*What is required*.
Could you set down exactly the lines of the data below, starting at the one that holds "Tossa de Mar, un pueblo medieval en Girona" and ending at the one that holds "Hamburger ve patates", both included, and only those?

*Given records*.
_____
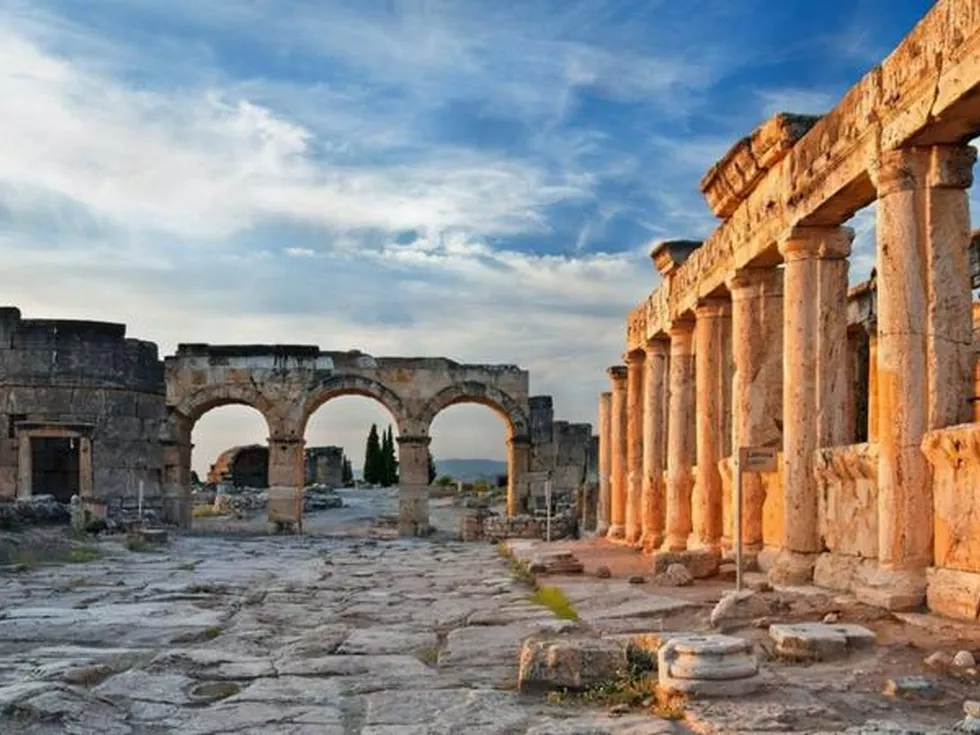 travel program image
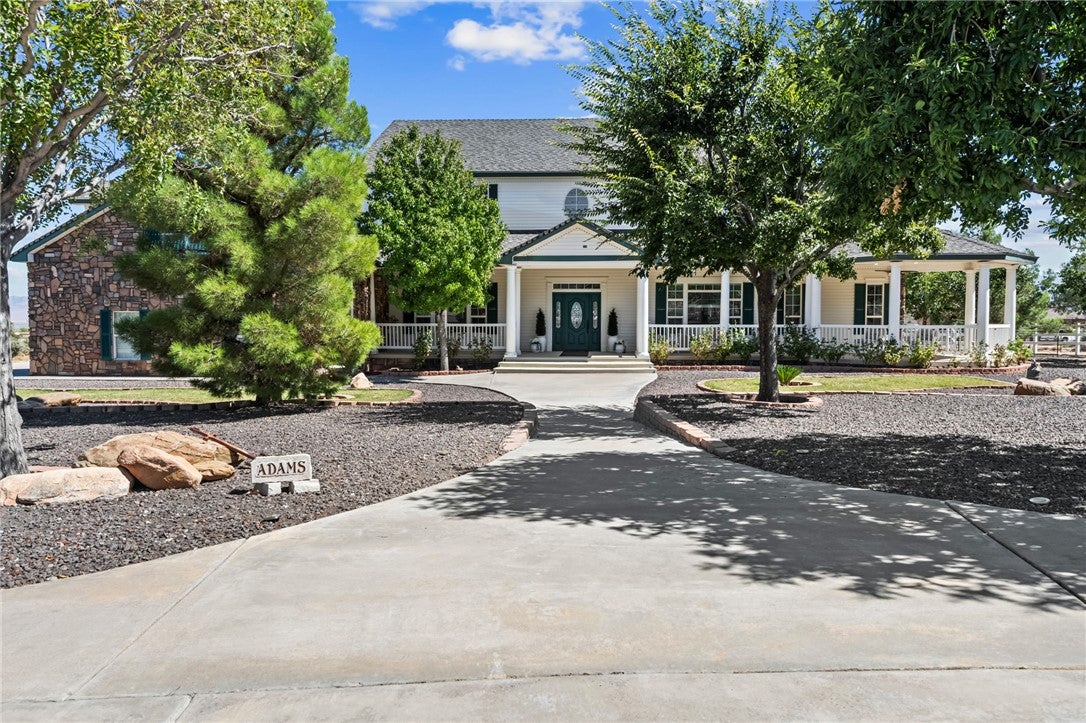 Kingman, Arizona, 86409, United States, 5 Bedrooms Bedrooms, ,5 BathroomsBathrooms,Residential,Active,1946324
_____
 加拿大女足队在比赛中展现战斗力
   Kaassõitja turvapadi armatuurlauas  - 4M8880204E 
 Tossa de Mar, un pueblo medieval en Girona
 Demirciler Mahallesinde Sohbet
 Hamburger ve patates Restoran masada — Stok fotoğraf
_____
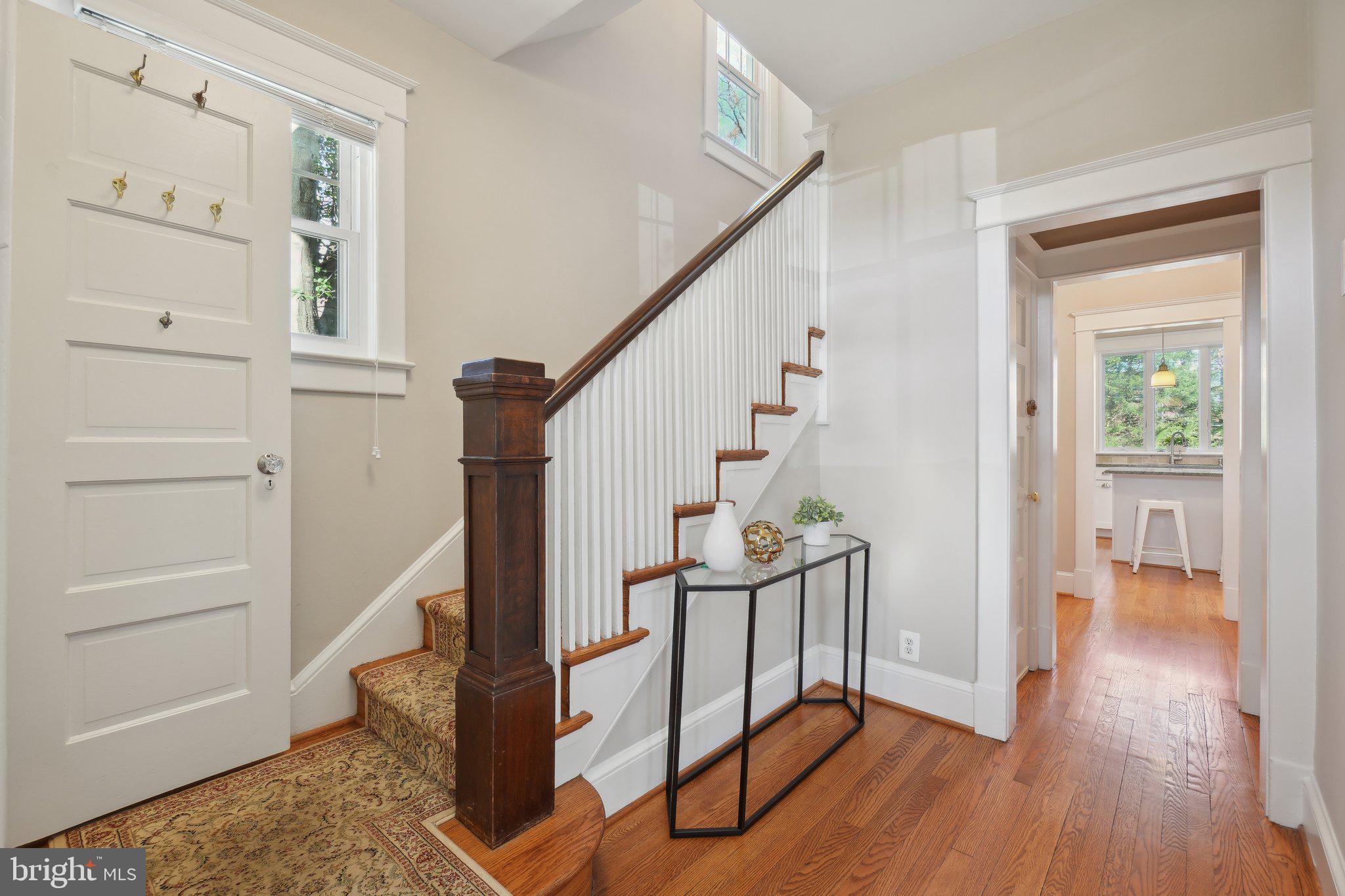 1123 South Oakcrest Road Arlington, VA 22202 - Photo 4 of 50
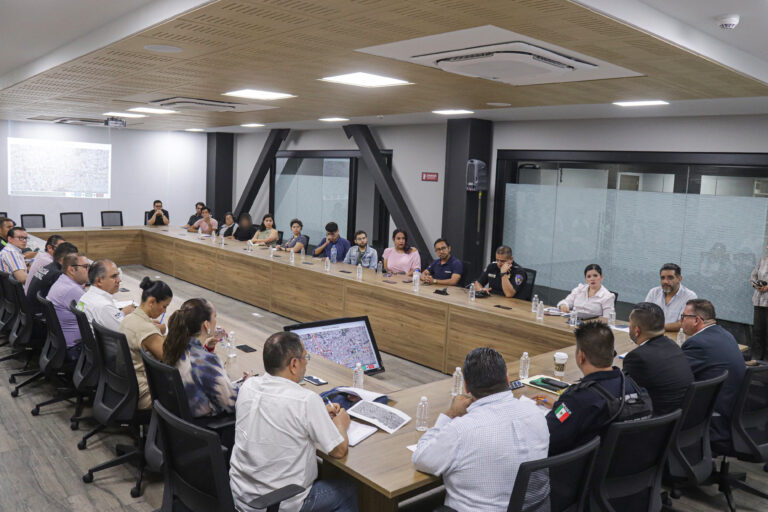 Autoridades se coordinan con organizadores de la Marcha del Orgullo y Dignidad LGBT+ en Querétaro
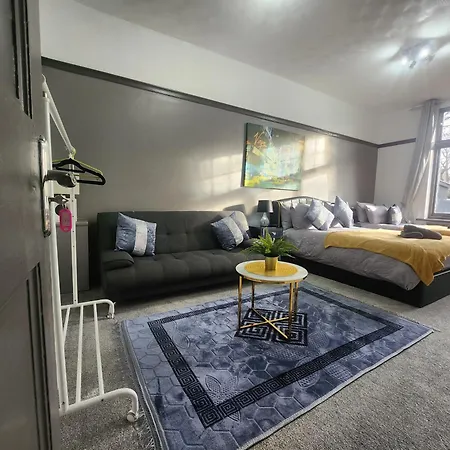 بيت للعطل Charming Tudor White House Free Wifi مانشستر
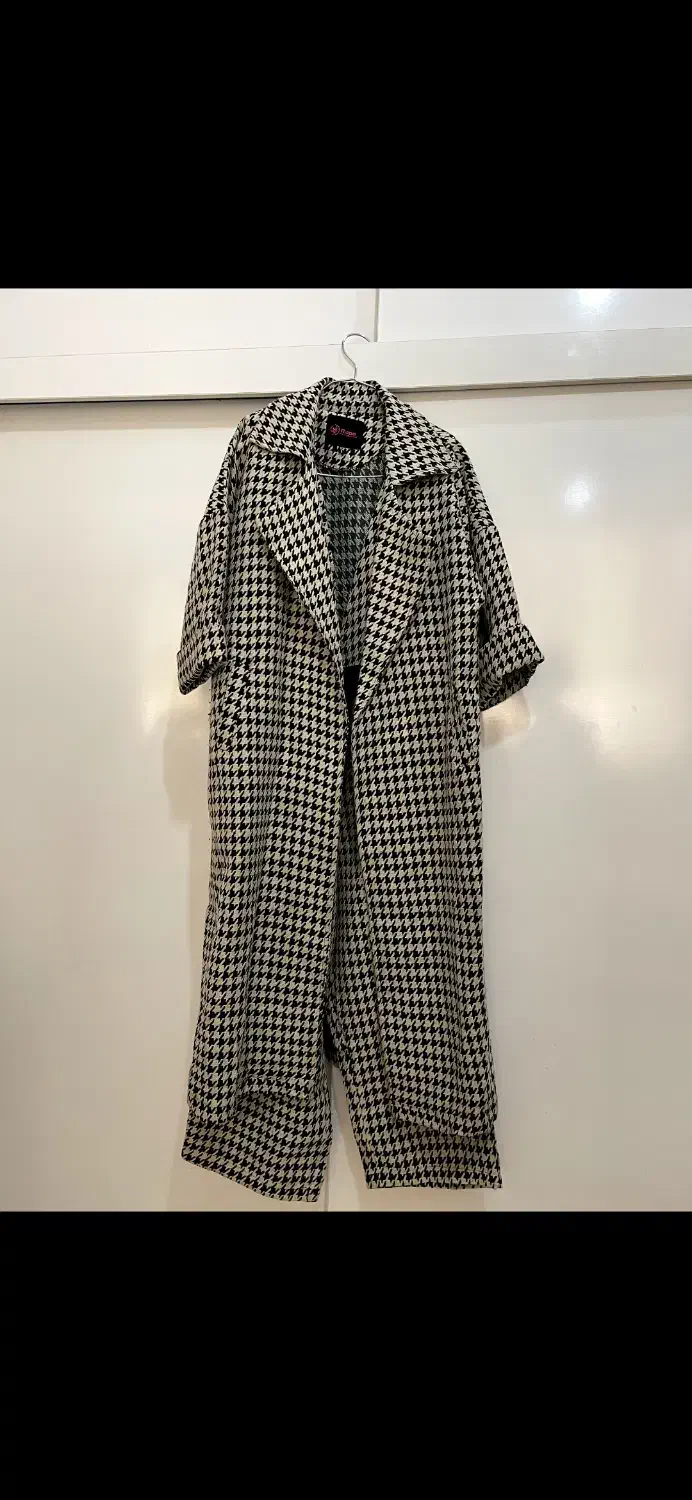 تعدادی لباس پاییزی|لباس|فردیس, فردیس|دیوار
_____
*Solution to this exercise*.
 Tossa de Mar, un pueblo medieval en Girona
 Demirciler Mahallesinde Sohbet
 Hamburger ve patates Restoran masada — Stok fotoğraf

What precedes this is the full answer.